We examine Morgan Stanley’s FY20 dividend outlook for ANZ, CBA, Westpac and NAB; as well as look at some key loan growth statistics from the last 12-months across the banking sector.

ANZ, CBA, Westpac and NAB dividends Source: Bloomberg

For a long time, the expectation that loan growth across the big four would remain stable seemed an almost unquestionable assumption.

Indeed, while the trends behind that growth have proven mostly consistent for many years, recent research from Morgan Stanley argues that these trends begun to diverge in 2019, due to four key factors.

Specifically, Morgan Stanley posits that stricter lending requirements, various regulatory measures taken by APRA, 'lower system loan growth' overall, and more fierce competition from the non-big four banks have all impacted the previously once-thought unquestionable status quo of the big four.

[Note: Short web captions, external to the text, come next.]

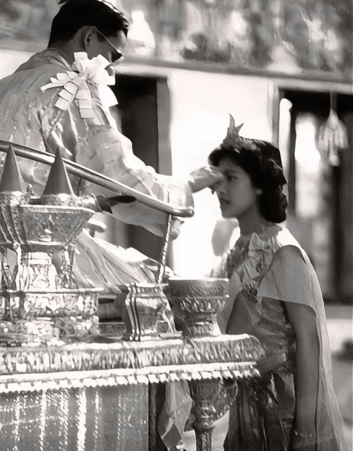 泰国王太后诗丽吉去世<strong></p>
<p>比特币行情</strong>,留下19顶奢华王冠和她的传奇一生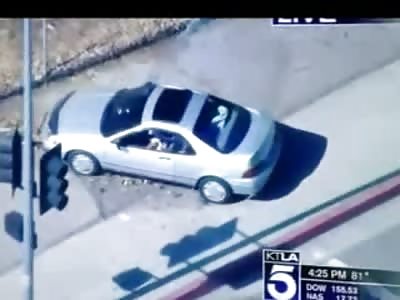 Police Shoot Double Murder Suspect Dead in the Street....Newscaster has no Idea he was Just Killed on Live TV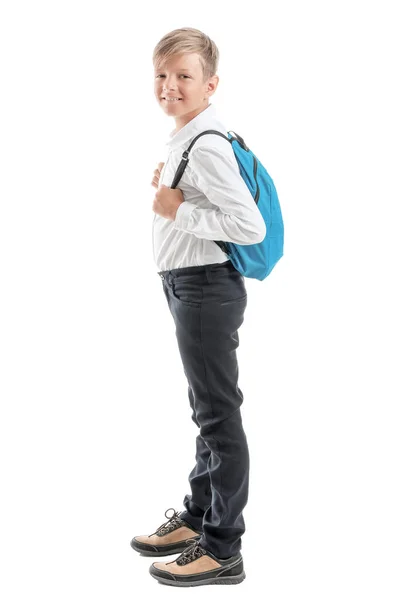 Schattig klein schooljongen op witte achtergrond — Stockfoto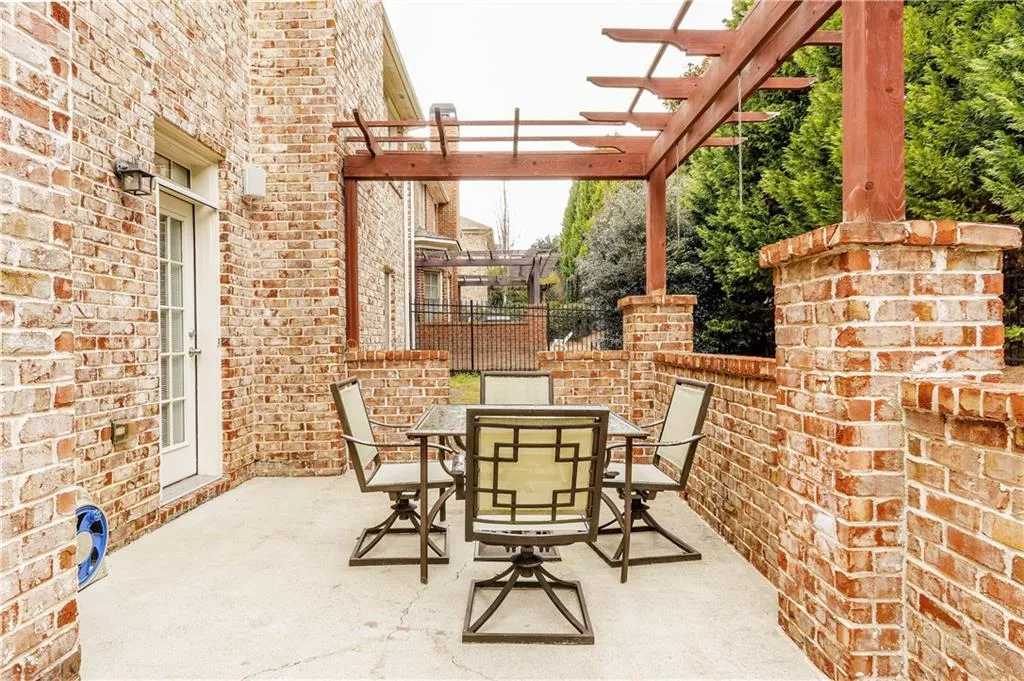 285 Wembley Circle, Sandy Springs, Georgia 30328, 4 Bedrooms Bedrooms, ,3 BathroomsBathrooms,Residential,Sold,285 Wembley Circle,5637831 285 Wembley Circle, Sandy Springs, Georgia 30328, 4 Bedrooms Bedrooms, ,3 BathroomsBathrooms,Residential,Sold,285 Wembley Circle,5637831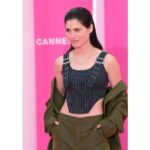 Hanna van Vliet Instagram - Serving some queerness with this look at @canneseries. (je veux retourner!!💖) thanks to @hrxkns. hair by @richardblandel @leonorgreyl #canneseries #childhooddreams #dedroomvandejeugd #collusionstudios 📸 @studio_vigerie @mathildeaudoire @camille.fermon Cannes, France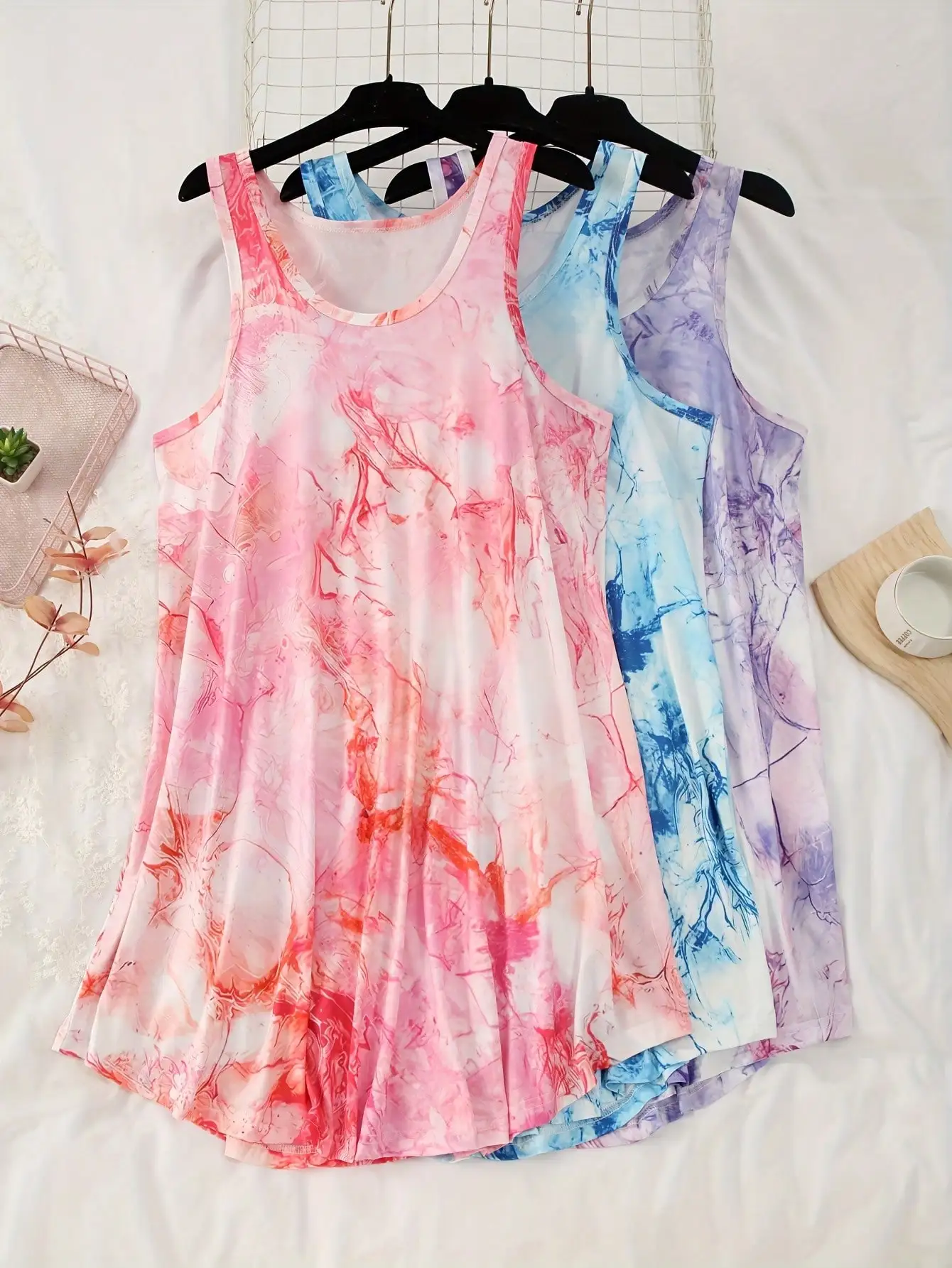 Комплект из 3-х свободных ночнушек больших размеров с мраморным принтом, круглым вырезом и закругленным подолом
Комплект из 3-х свободных ночнушек больших размеров с мраморным принтом, круглым вырезом и закругленным подолом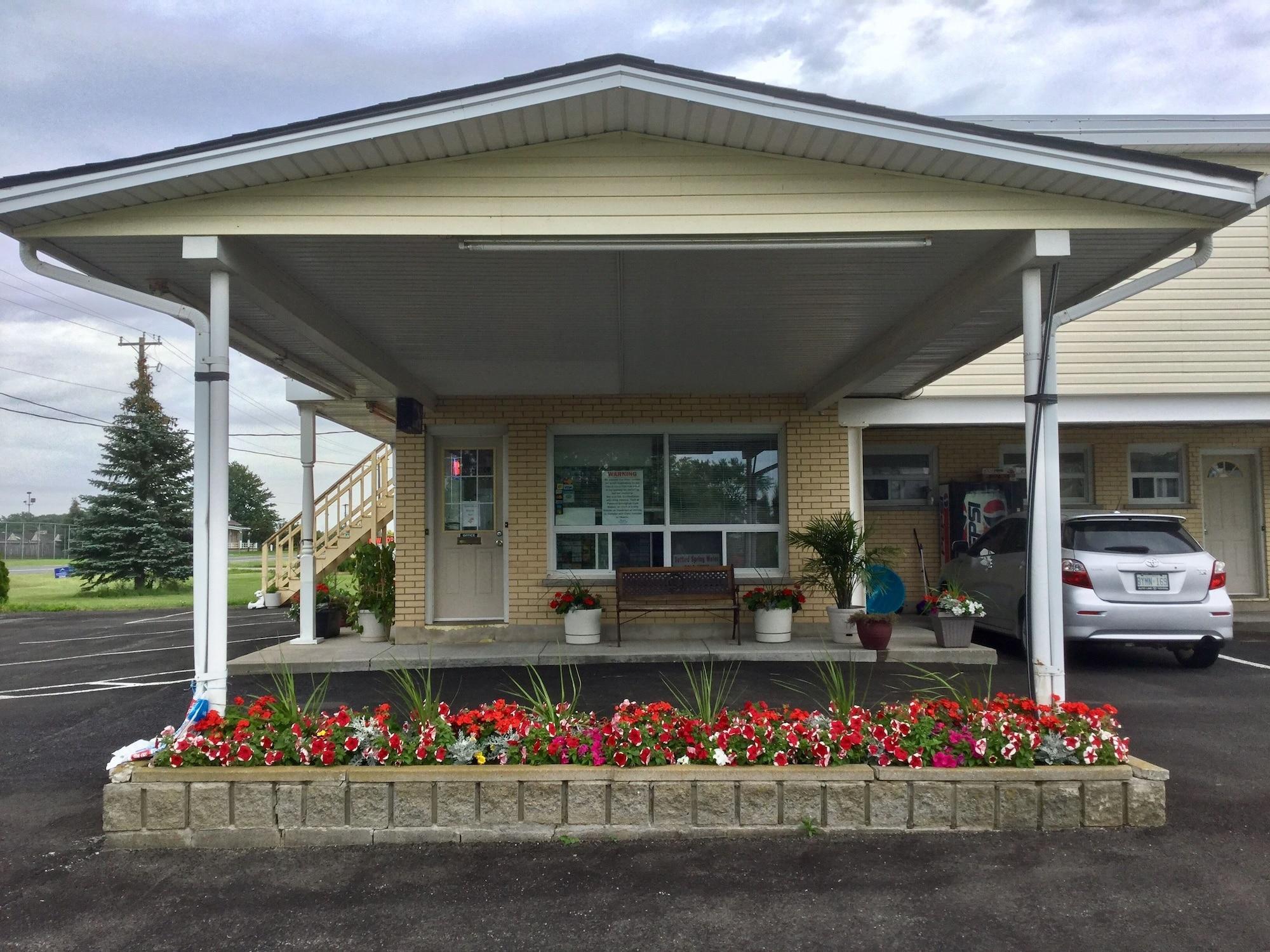 Vista Exterior Milan Garden Inn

Adding to such issues, the investment bank points out that:

'Downward pressure on margins is accelerating due to front book competition, rate cuts and the flat yield curve.'

With all that considered, below we examine some of Morgan Stanley’s key statistics concerning loan growth from CY19 – with a key focus on residential owner-occupier and investment property loan growth across Australia’s big four banks.

Big four loan growth in focus

Looking at total Australian housing loan growth over the last year, we see CBA leading that way at (+4.1%), followed by Westpac at (+0.5%), NAB at (-0.5%), and ANZ at (-2.4%).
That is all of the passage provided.